### Recorded data
Content starts
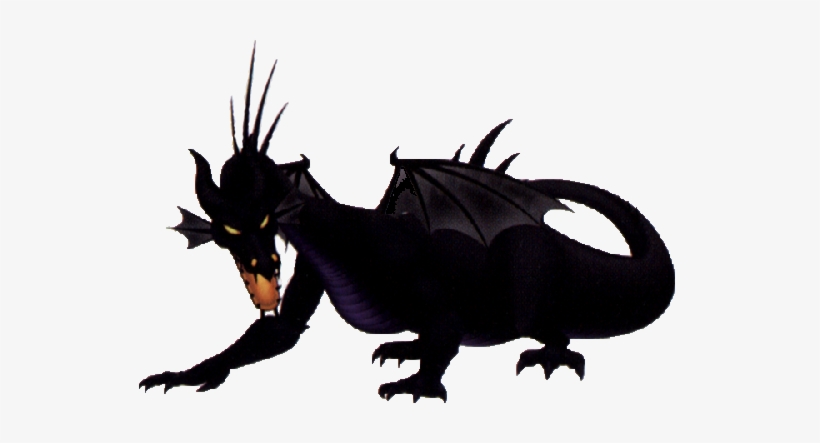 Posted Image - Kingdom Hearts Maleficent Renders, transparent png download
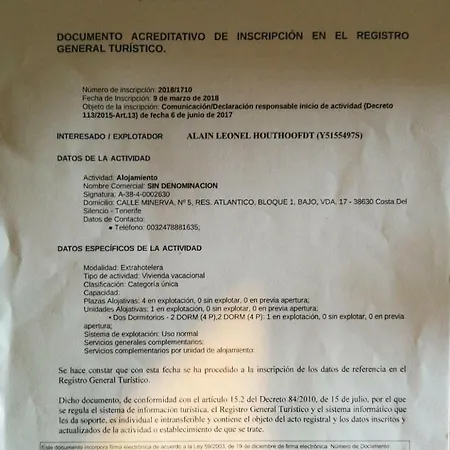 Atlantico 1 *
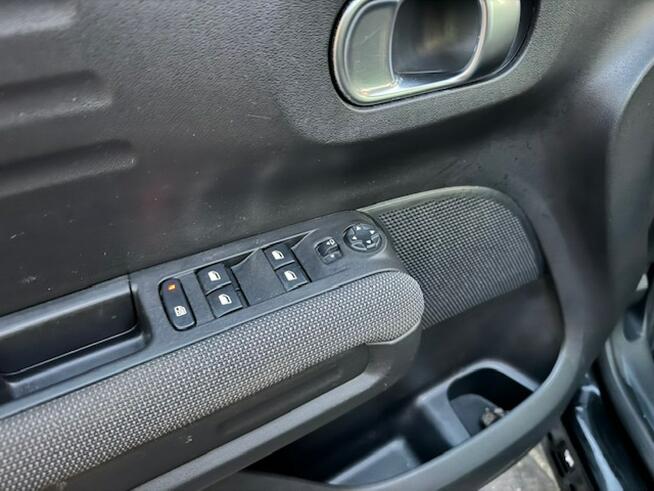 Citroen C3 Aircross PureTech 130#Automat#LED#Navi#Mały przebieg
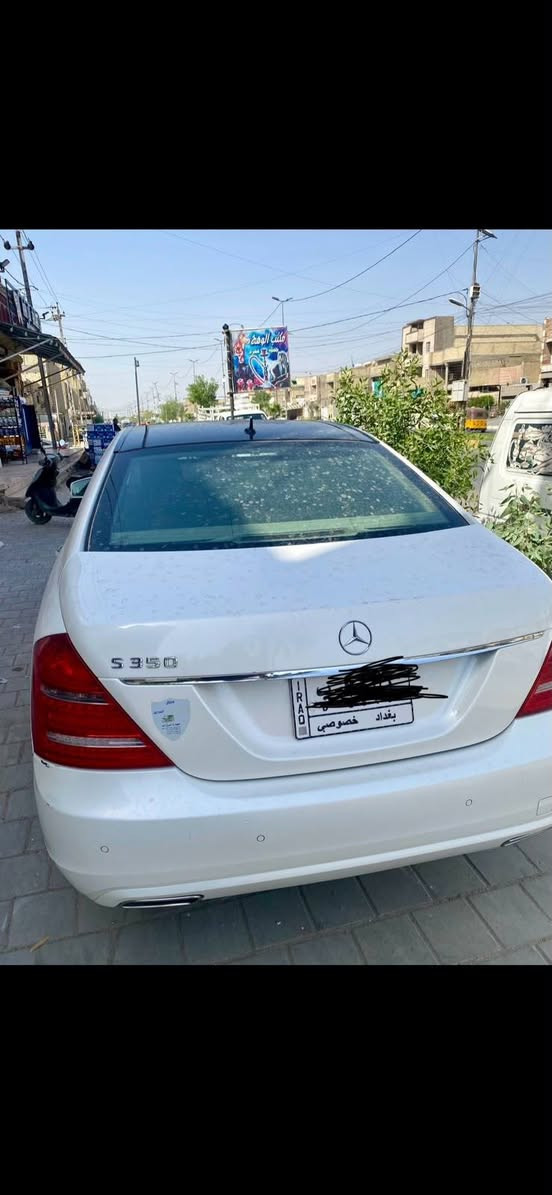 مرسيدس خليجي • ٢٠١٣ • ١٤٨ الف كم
Content ends
### Task details
Only an exact copy of the lines from the one with "Citroen C3 Aircross" through the last line of the data above is wanted, and no pictures.

### Task result
 Citroen C3 Aircross PureTech 130#Automat#LED#Navi#Mały przebieg
 مرسيدس خليجي • ٢٠١٣ • ١٤٨ الف كم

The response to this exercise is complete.